◆ THE TASK
In the material below, pictures must be dropped. Repeat exactly, and only, the lines from the line with "She + Sky Amelia Ruffle" to the line with "Saia Midi Estampada Coqueiral", both ends included.

◆ DATA PROVIDED
Start of Block

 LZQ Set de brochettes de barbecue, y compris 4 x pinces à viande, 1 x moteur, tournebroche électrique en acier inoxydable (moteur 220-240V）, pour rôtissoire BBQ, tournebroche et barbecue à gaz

End of Block
Start of Block

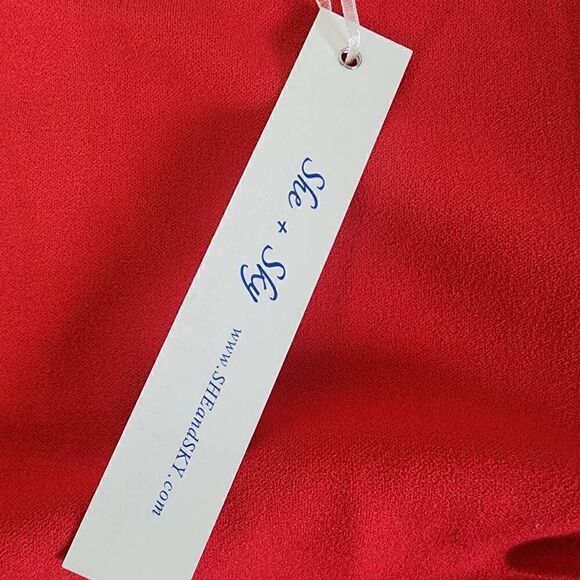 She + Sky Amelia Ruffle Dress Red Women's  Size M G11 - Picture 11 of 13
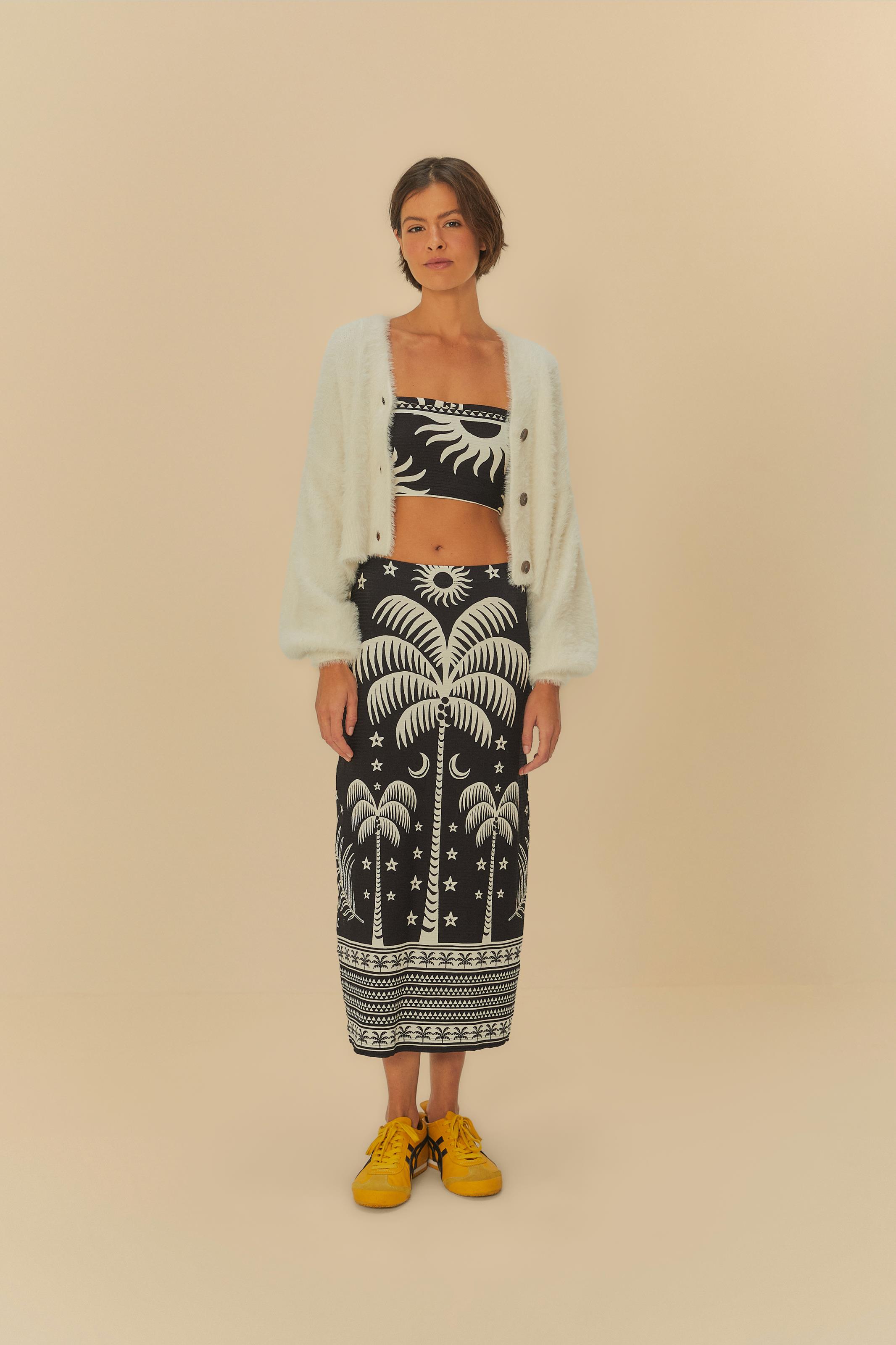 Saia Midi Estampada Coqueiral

End of Block

◆ EXERCISE ANSWER
 She + Sky Amelia Ruffle Dress Red Women's  Size M G11 - Picture 11 of 13
 Saia Midi Estampada Coqueiral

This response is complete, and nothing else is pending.